[Stored items]
● ● ● ● ●
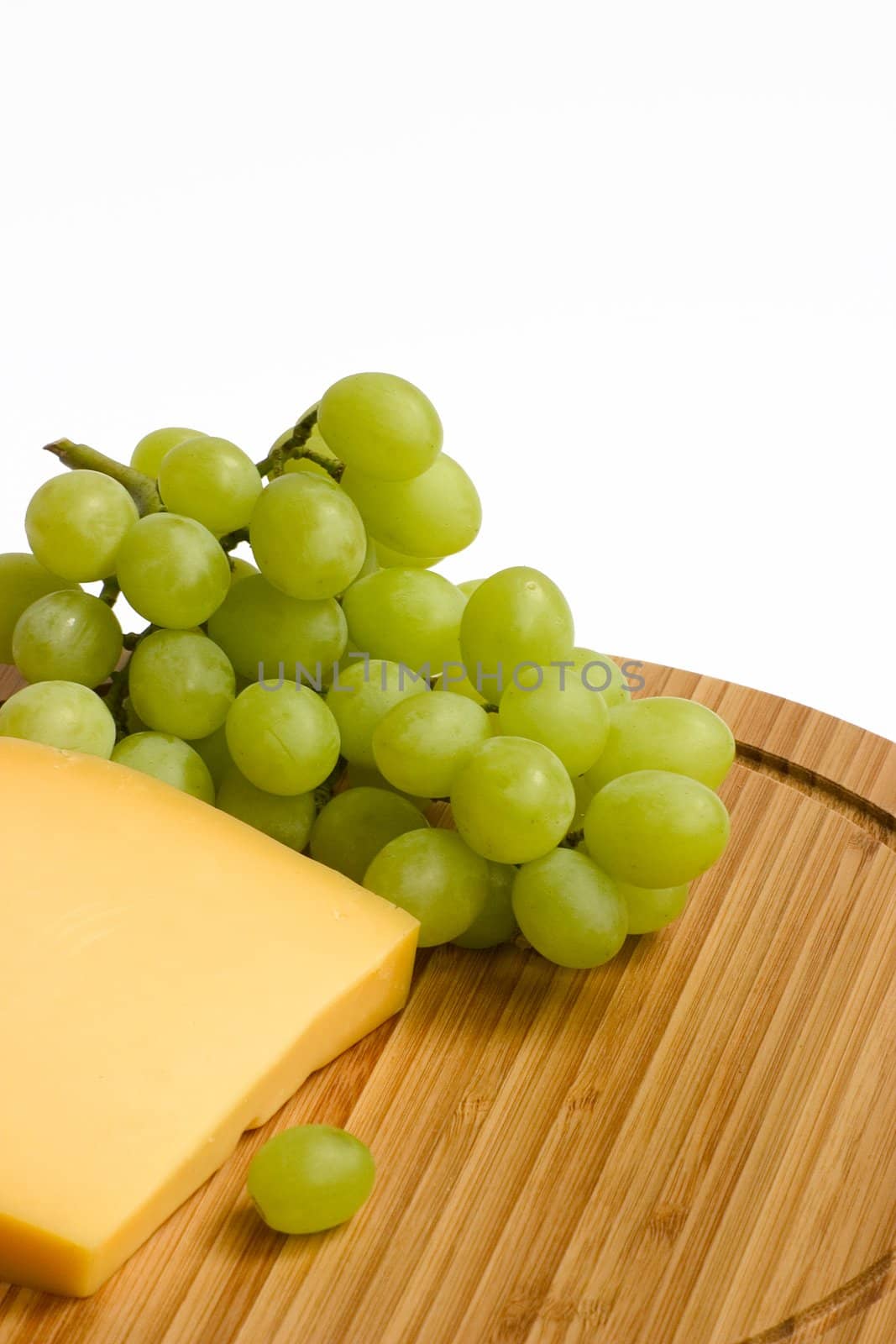 green grapes and cheese on a wooden board
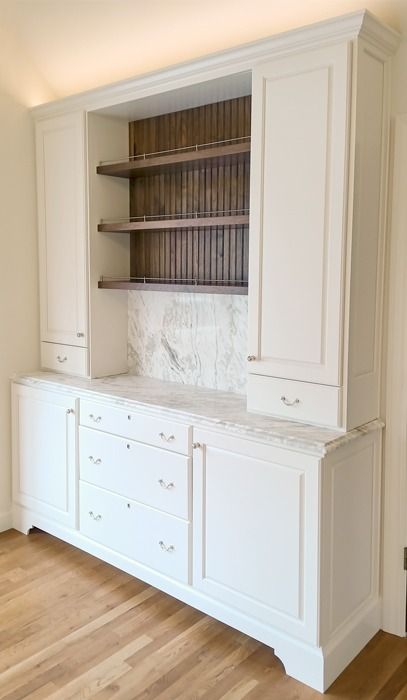 an empty room with white cabinets and wood floors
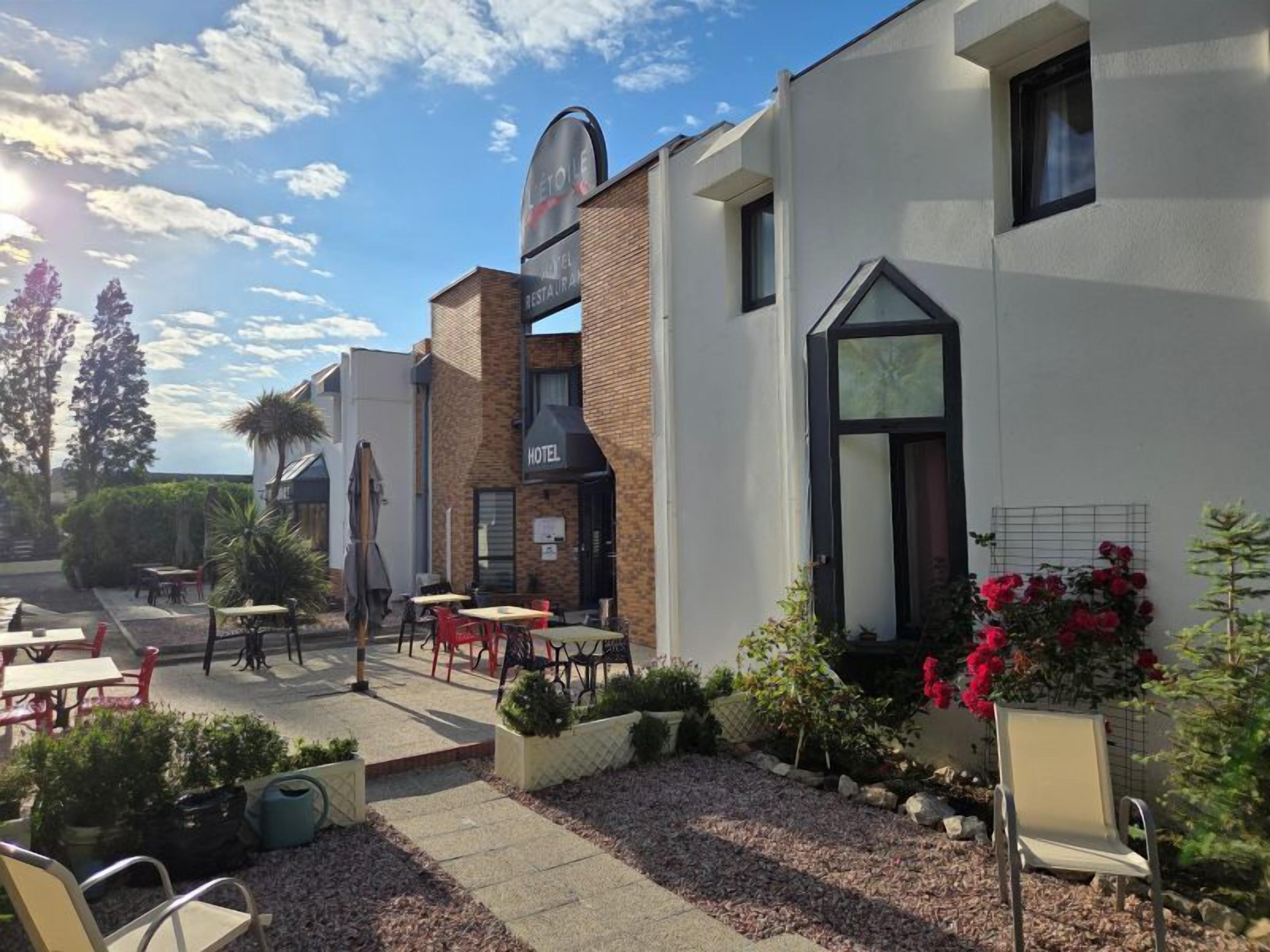 Un hotel con terraza al aire libre, fachada de ladrillo y jardín con plantas y flores.
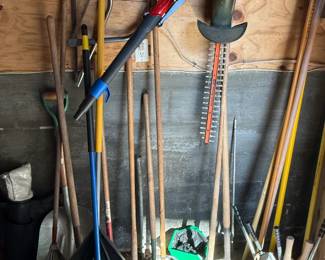 Selection of Yard Tools Including Trimmer and Blower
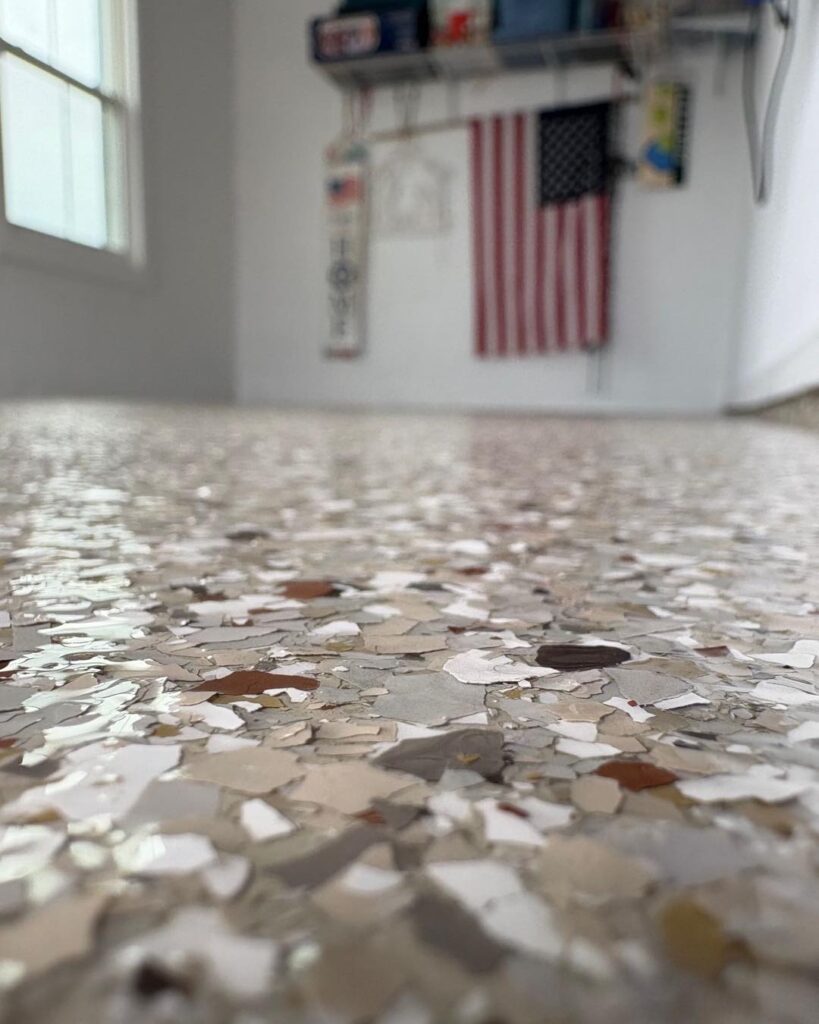 A terrazzo floor with a blurred background showing a U.S. flag, shelves, and items in a brightly lit room.
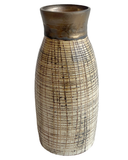 Decorative vase with textured surface on a white background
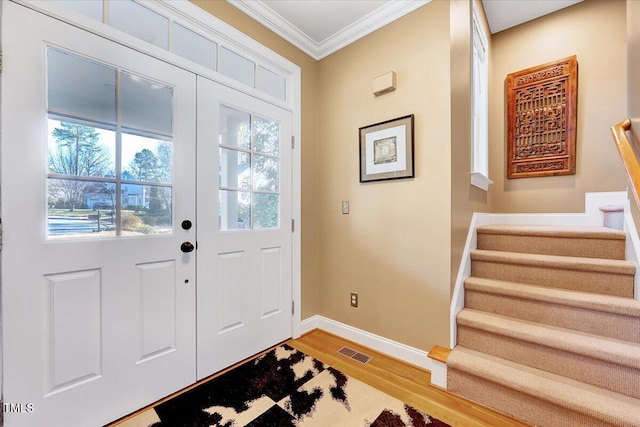 foyer featuring visible vents, baseboards, light wood-type flooring, stairs, and ornamental molding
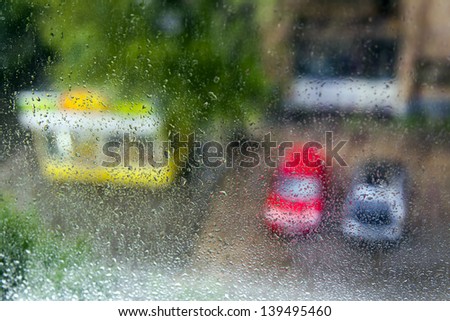 Rainy day in Moscow area. View of a yard of the inhabited massif in Moscow area through wet glass during a rain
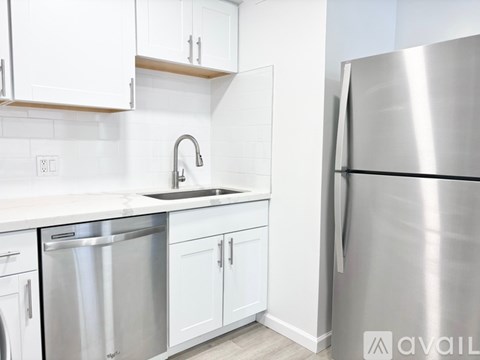 A modern kitchen with white cabinets and a stainless steel refrigerator.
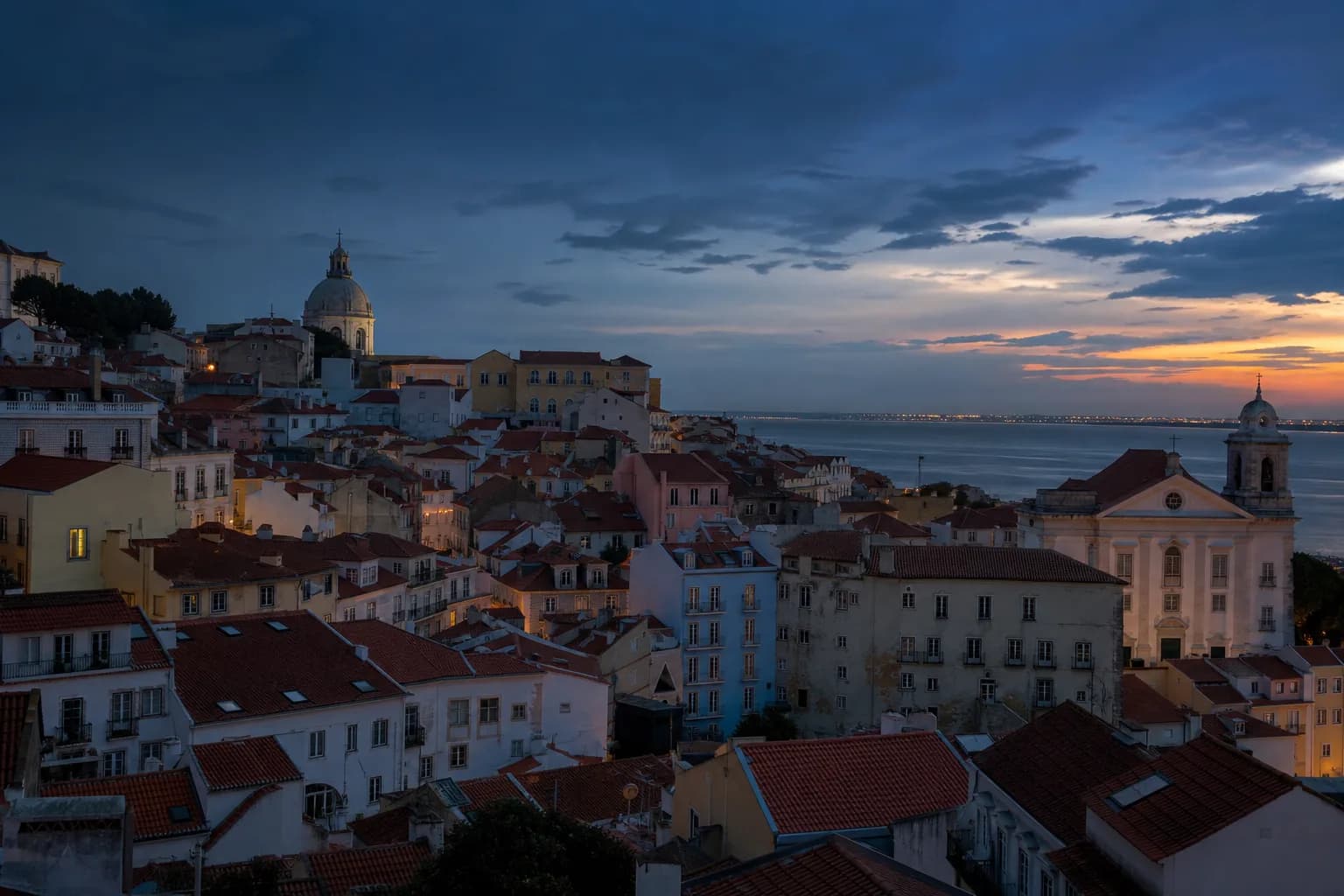 Lisbon hillside architecture at dusk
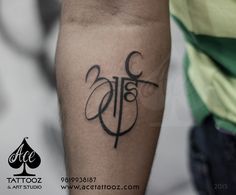 a man with a tattoo on his arm has the word faith written in black ink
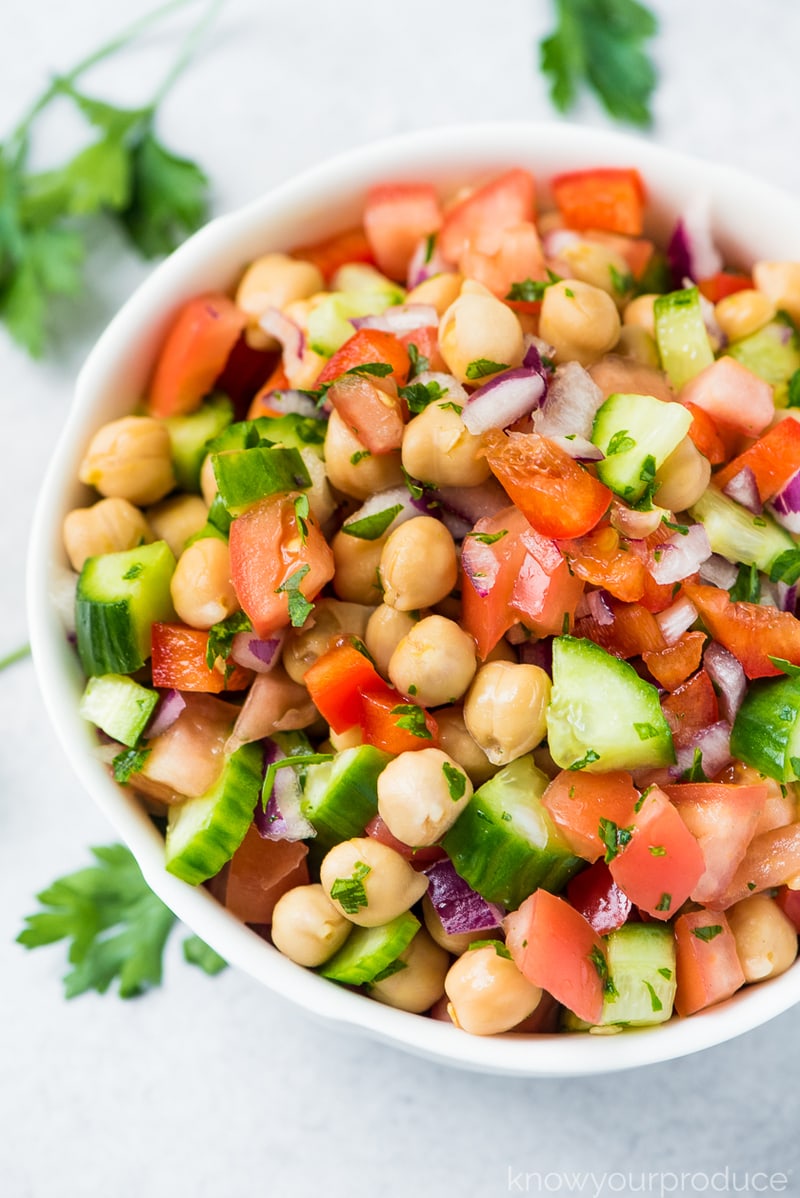 chickpea salad with tomato, cucumber, red onion and parsley.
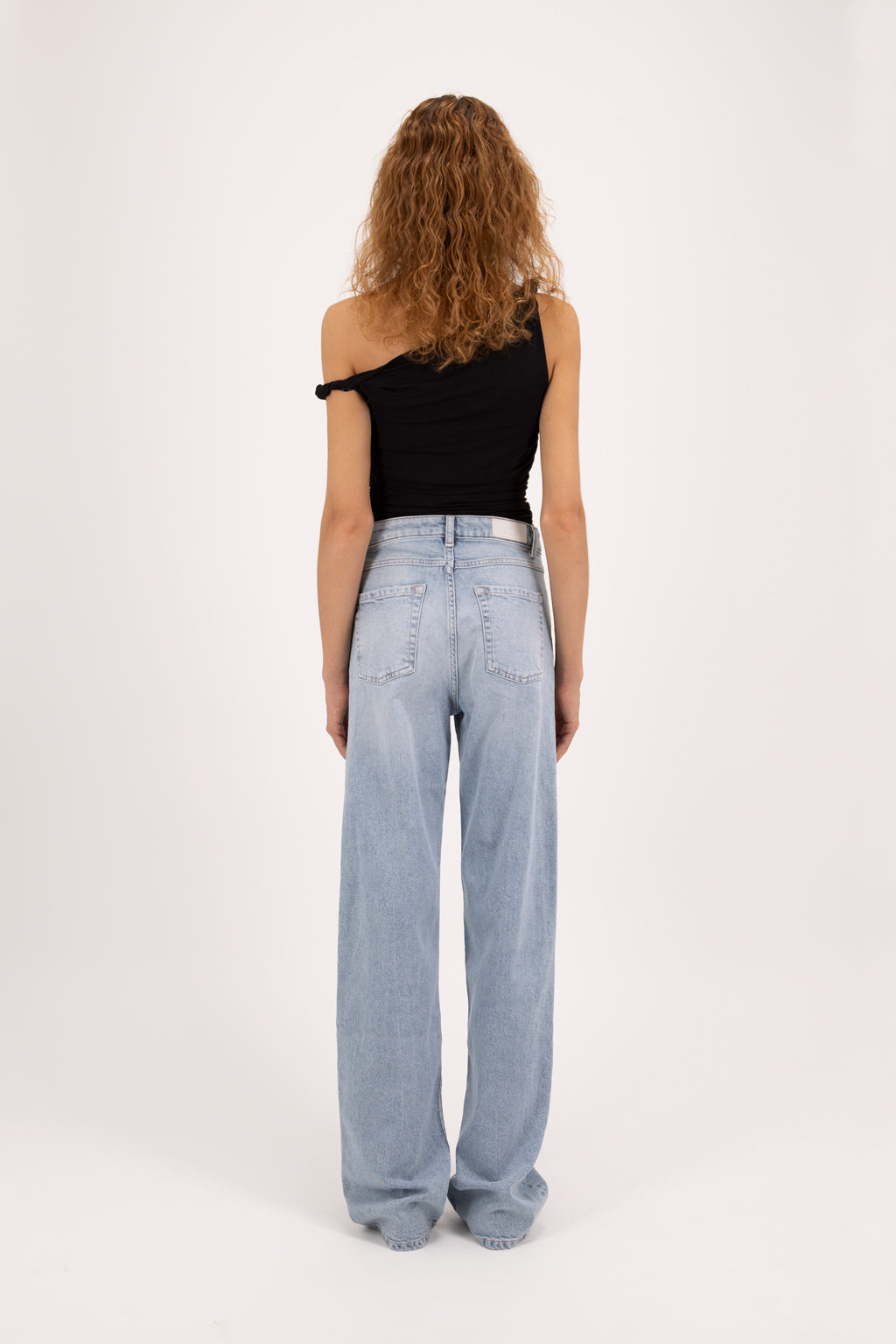 Back view of Joia women’s mom jeans in sky blue wash, 99% cotton denim and 1% Elastan fibers, worn by a model with a black top.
● ● ● ● ●
:: What is required ::
Pictures are to be left out when the lines from the one containing "chickpea salad with" through the end of the records above are repeated exactly; no other line is wanted.

:: Expected answer ::
 chickpea salad with tomato, cucumber, red onion and parsley.
 Back view of Joia women’s mom jeans in sky blue wash, 99% cotton denim and 1% Elastan fibers, worn by a model with a black top.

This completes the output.